Below is a listing. Gather each line of it that contains "Galaxy".

_ _ _ _

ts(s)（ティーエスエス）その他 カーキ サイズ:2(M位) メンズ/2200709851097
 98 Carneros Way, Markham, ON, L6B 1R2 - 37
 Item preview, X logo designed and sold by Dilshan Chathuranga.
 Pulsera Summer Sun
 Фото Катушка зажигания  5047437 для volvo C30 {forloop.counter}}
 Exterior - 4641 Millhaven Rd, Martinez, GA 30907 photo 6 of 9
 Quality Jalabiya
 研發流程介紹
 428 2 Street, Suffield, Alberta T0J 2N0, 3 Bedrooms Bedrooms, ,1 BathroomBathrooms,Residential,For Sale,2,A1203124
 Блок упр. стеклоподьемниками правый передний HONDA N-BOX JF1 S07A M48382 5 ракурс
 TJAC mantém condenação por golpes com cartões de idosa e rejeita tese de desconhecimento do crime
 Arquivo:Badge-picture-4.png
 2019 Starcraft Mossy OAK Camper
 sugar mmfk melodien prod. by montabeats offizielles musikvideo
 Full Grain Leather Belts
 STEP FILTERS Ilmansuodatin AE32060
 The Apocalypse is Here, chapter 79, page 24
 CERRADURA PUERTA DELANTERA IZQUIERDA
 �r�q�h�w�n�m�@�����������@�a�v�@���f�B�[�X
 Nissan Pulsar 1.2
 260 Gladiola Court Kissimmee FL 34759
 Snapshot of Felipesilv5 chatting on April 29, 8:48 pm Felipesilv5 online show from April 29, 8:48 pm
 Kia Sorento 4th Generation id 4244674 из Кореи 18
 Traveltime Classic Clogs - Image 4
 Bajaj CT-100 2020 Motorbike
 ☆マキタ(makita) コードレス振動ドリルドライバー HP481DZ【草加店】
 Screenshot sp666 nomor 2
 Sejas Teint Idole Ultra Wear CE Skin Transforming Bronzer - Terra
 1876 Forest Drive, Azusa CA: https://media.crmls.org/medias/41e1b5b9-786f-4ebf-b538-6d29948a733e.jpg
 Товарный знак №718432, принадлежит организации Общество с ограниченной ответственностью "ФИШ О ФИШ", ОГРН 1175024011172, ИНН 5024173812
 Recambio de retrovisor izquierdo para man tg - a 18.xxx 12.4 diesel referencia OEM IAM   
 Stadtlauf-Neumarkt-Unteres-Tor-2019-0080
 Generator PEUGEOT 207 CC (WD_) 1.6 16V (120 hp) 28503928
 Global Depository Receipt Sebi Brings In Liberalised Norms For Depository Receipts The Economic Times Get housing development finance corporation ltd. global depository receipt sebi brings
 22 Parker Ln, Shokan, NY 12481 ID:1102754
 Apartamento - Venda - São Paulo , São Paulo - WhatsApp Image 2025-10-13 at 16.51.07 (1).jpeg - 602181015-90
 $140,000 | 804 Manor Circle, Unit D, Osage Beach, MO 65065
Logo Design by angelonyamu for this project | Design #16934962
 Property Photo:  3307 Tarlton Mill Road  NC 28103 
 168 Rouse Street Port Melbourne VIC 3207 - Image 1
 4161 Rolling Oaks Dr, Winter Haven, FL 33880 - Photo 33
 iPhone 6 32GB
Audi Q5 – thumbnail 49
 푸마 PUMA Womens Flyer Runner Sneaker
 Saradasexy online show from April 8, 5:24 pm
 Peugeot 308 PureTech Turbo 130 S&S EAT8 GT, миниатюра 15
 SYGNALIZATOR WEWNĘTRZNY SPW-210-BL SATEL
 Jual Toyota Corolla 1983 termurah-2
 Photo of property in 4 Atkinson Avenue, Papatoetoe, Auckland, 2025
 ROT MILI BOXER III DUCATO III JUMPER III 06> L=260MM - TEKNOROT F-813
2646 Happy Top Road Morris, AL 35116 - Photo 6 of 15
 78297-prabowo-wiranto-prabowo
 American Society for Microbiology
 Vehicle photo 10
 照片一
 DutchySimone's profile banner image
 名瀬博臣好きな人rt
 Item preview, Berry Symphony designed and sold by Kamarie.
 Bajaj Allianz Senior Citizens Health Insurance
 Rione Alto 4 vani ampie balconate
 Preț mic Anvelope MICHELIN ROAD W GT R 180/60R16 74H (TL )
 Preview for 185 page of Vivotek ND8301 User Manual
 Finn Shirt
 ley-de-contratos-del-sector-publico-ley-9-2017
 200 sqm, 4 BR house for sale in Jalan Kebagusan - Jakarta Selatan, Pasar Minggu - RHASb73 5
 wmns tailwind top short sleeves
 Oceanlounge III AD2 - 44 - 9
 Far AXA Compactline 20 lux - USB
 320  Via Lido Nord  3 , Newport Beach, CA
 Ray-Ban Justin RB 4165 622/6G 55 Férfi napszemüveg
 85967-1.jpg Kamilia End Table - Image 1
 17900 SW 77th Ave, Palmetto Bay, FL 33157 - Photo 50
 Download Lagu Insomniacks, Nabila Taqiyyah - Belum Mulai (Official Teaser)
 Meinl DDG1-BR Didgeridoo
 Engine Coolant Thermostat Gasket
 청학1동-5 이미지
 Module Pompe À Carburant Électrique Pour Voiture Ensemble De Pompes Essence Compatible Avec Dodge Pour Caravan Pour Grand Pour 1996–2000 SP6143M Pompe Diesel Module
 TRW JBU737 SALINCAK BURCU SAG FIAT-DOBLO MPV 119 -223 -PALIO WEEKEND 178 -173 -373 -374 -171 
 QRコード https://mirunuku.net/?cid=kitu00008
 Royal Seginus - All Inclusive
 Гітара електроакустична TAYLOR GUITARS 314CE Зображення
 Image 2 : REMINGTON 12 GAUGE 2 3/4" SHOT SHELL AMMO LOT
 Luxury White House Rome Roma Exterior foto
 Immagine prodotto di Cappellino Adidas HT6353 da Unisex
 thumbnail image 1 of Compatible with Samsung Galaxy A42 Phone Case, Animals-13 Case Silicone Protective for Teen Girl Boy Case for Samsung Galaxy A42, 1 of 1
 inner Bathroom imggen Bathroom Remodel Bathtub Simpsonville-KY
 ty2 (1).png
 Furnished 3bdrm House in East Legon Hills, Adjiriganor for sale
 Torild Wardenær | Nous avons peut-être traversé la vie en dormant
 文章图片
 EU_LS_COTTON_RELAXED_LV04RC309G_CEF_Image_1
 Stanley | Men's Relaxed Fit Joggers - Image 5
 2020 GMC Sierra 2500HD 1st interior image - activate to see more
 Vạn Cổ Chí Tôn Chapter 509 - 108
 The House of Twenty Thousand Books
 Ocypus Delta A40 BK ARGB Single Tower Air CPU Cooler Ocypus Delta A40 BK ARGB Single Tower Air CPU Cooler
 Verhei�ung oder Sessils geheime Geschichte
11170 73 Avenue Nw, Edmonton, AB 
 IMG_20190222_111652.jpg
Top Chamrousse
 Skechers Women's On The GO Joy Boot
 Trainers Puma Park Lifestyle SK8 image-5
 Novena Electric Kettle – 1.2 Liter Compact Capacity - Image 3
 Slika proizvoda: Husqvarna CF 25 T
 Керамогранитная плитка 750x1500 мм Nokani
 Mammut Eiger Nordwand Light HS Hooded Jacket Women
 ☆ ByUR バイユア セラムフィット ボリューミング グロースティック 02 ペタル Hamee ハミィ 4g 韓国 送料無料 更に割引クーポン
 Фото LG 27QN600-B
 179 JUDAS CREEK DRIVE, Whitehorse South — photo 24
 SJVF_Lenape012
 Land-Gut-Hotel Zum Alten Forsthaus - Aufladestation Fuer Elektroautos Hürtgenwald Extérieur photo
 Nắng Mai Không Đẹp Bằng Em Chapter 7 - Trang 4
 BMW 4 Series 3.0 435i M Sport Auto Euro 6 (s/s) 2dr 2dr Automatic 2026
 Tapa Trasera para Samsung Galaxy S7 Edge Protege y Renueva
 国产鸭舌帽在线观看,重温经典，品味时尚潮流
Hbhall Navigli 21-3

_ _ _ _

Task response:
 thumbnail image 1 of Compatible with Samsung Galaxy A42 Phone Case, Animals-13 Case Silicone Protective for Teen Girl Boy Case for Samsung Galaxy A42, 1 of 1
 Tapa Trasera para Samsung Galaxy S7 Edge Protege y Renueva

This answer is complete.